L’eau en période de sécheresse
« Quand il pleut, toute cette région ici est inondée », m’explique mon collègue somalien local tandis que nous roulons dans la poussière quelque part au sud de la Somalie. Je l’observe, confiant, regardant par la fenêtre de la voiture, se remémorant les temps passés. Seule une poignée de personnes savent que nous sommes en route pour le camp de déplacés ce matin de janvier 2023. Medair n’est obligée d’opérer de manière aussi discrète qu’en Somalie. « Je n’ose pas imaginer ce qui m’arriverait, à moi et à ma famille, si les mauvaises personnes apprenaient que je travaille pour une ONG internationale », me confie mon collègue, appelons-le Ahmed. La raison qui le convainc de faire le maximum avec Medair malgré toutes les menaces est qu’il sait que personne d’autre ne viendra servir les 1390 foyers du camp de déplacés aujourd’hui. Et personne d’autre ne viendra demain. Cette communauté négligée est l’une des nombreuses du pays touchée par la plus grave sécheresse depuis plus de quatre décennies. On estime que 8,25 millions de personnes ont besoin d’une aide humanitaire en Somalie aujourd’hui, et la sécheresse avait déjà déplacé plus de 1,3 million de personnes fin 2022.
« Les gens que vous voyez autour de moi avaient une belle vie. Ils étaient agriculteurs ou éleveurs de bétail, très capables de prendre soin d’eux-mêmes et de leur famille.
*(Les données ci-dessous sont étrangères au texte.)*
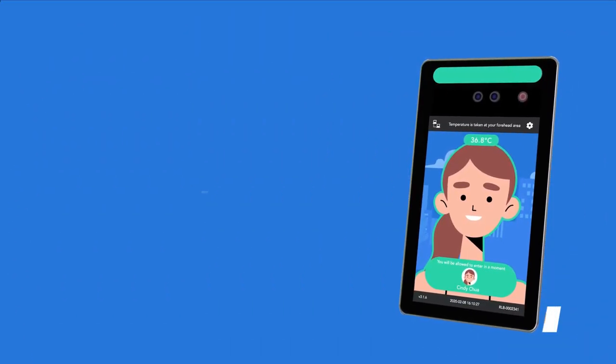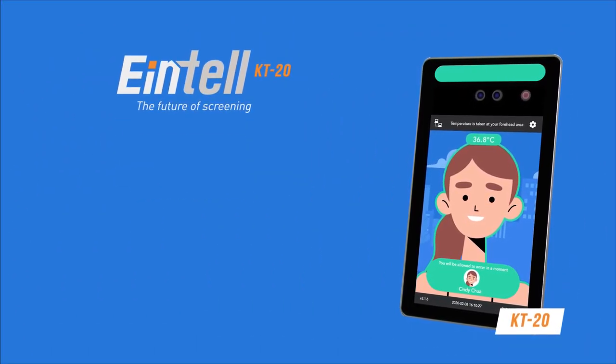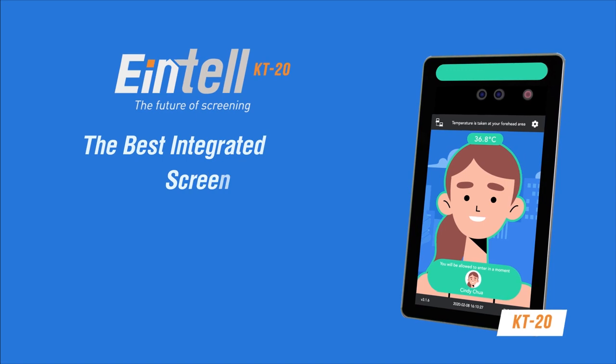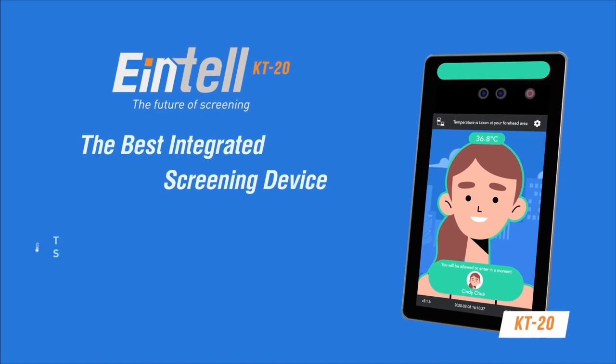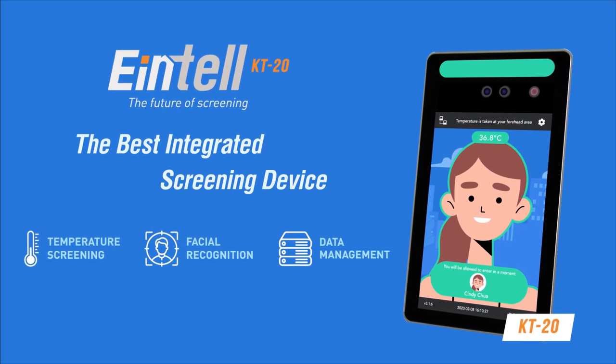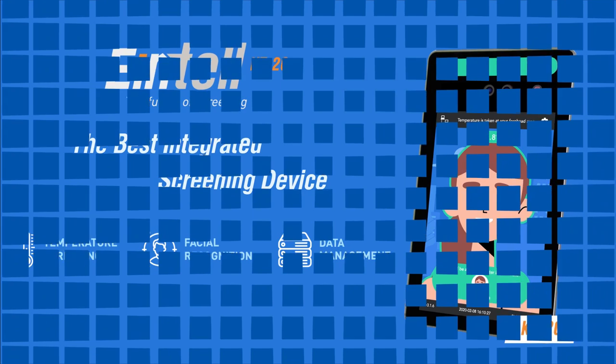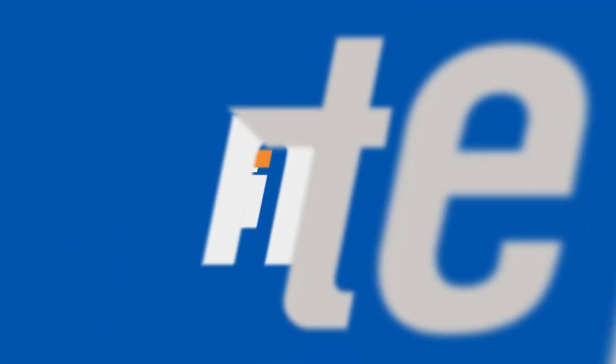With the features packaged into an easily deployed user-friendly device, the KT20 is the solution of choice. Get your Intel today!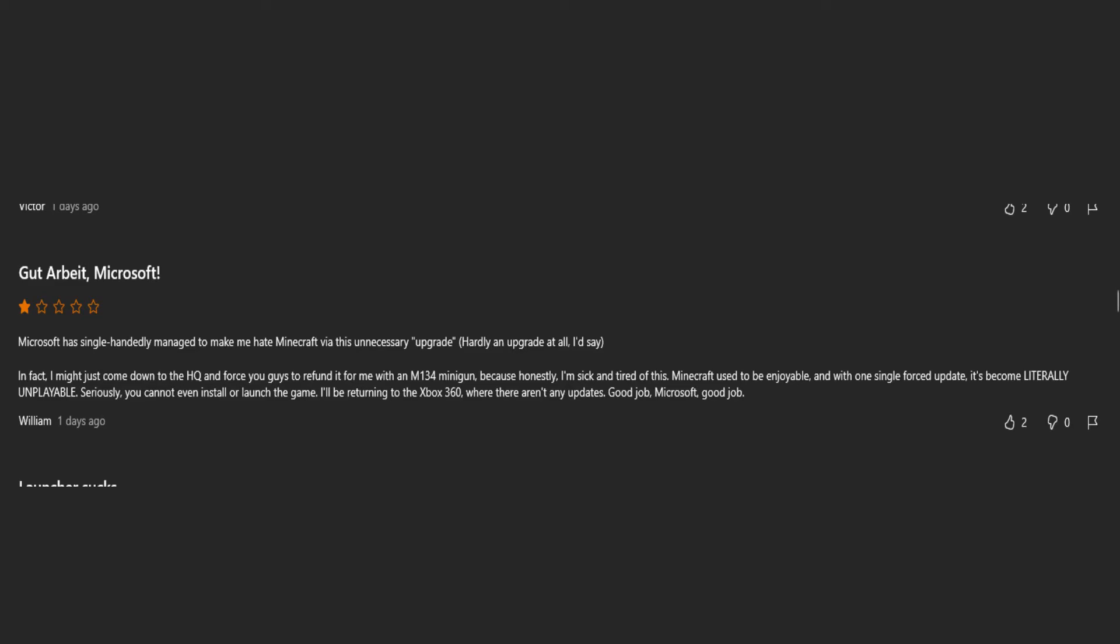Microsoft has single-handedly managed to make me hate Minecraft via this unnecessary upgrade. Hardly an upgrade at all, I'd say. In fact, I might just come down to the HQ and force you guys to refund it for me with an M134 minigun. Because honestly, I'm sick and tired of this. Minecraft used to be enjoyable and with one single forced update, it's become literally unplayable. Seriously, you cannot even install how I launched this game. I'll be returning to the Xbox 360 where there aren't any updates. Good job, Microsoft. Good job.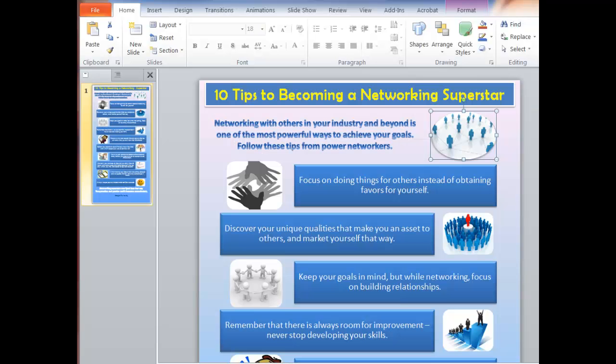Hi, it's Sharon Sheldon here from Business Content PLR, and in this video I'm going to show you how you can quickly edit the PowerPoint infographics that I give you in some of my PLR packages.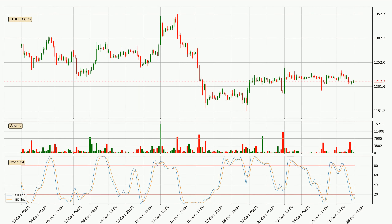Jumping to the 3-hourly Stochastic RSI, both the %K and %D lines are in the lower region, which means that the price is getting oversold and soon a trend change or at least some kind of consolidation could be expected. The %K line is currently above the %D line, which shows that the trend has shifted to the upside.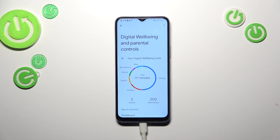As you can see we will be immediately transferred to this graph which will show us for how long we've been using this device today. I've been using it for 31 minutes and most of the time I've spent in the Settings. We've also got the unlocks and the notifications count.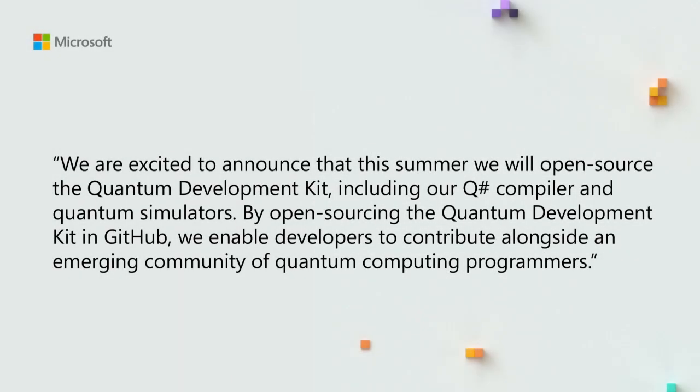So, welcome back everybody. It's my great pleasure today to be talking about Qsharp or software effort in general, and this announcement that we had a while back, and that last week officially we went open source. So, all of our software in the QDK is now available online on GitHub in its entirety.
La sécheresse les a rendus dépendants de votre aide. Voilà les paroles de l’adjoint de l’établissement, qui me présente avec des sentiments mitigés. Il est indéniable que mon apparition a rendu l’atmosphère tendue, car elle révèle l’implication d’un partenaire international dans ce règlement. Toutefois, j’espère lire la joie dans les yeux de l’adjoint quand nous arriverons. « Vous avez été la première ONG à venir nous aider quand personne d’autre n’est venu », se souvient-il avec reconnaissance. « Bien sûr, l’eau est notre plus grand besoin ici. Et vous nous l’apportez. »
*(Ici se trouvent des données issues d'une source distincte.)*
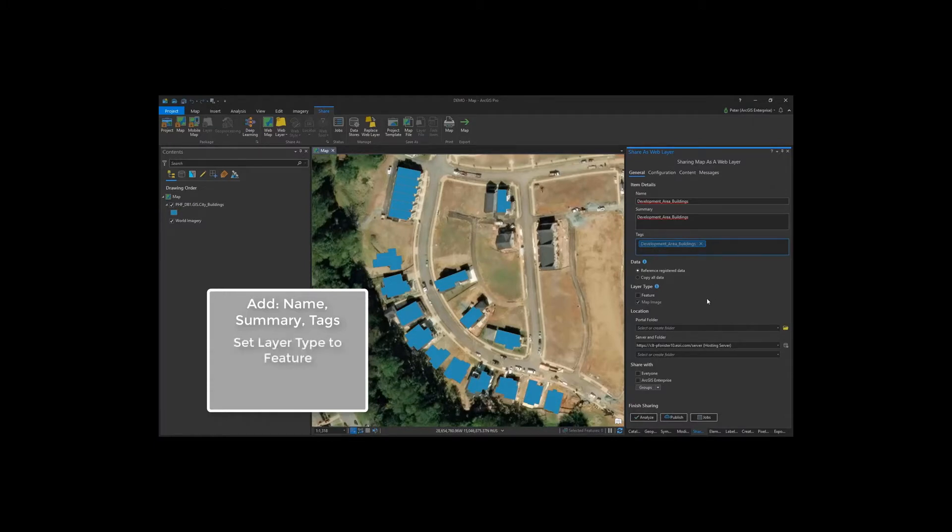Now, under the Layer Type, we need to make sure that feature is checked. This makes sure that we are publishing a layer that can actually be edited down the line.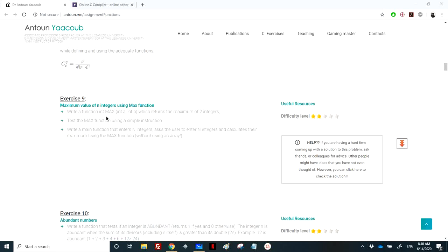Hello again, we've reached Exercise 9, which is to find the maximum value of n integers using the max function. We need to write the maximum function between two integers and then read n integers from the keyboard to find their maximum. We won't use any arrays, so it's very easy.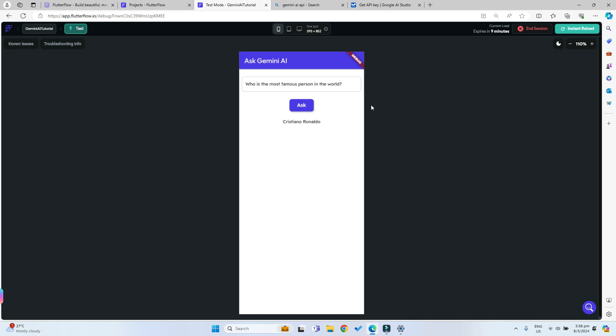That's basically it. It's super simple to implement the Gemini AI into your Flutterflow apps right now because of the new integration that the Flutterflow team has put into their software. That's all for today's tutorial and I hope to see you in the next video. Thank you and goodbye.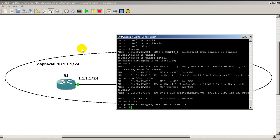As you can see, 'debug IP packet detail' is a very nice debugging tool that helps us look at the source and destination addresses of our RIP update packets. That's another Router Gods video — thanks for watching!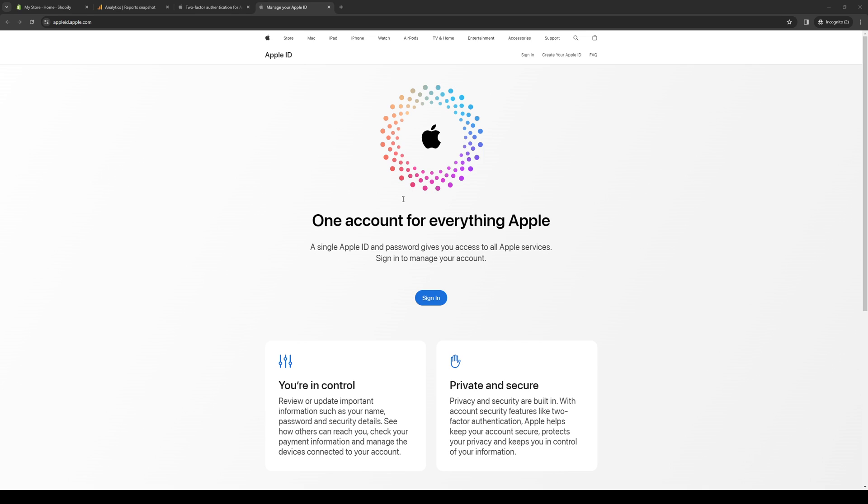To actually do this is quite simple. If you're on the web browser or the website like me at appleid.apple.com, then the steps you need to take are not much different than if you were on an iOS device like an iPhone, MacBook, or iPad.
Depuis plus de 10 mois maintenant, les matins au campement commencent avec le même scénario : Les femmes quittent leur abri de bonne heure, placent leurs bidons d’eau bien rangés et font la queue pendant que les énormes camions-citernes de Medair arrivent sur le site. « Chaque jour, nous distribuons 10 000 litres d’eau potable à la communauté », m’apprend Ahmed, la fierté dans les yeux. Il est technicien de l’eau et a donc une grande responsabilité envers la communauté. « J’utilise des tests spéciaux pour vérifier si l’eau est vraiment parfaitement propre. Après tout, les gens ici comptent sur nous.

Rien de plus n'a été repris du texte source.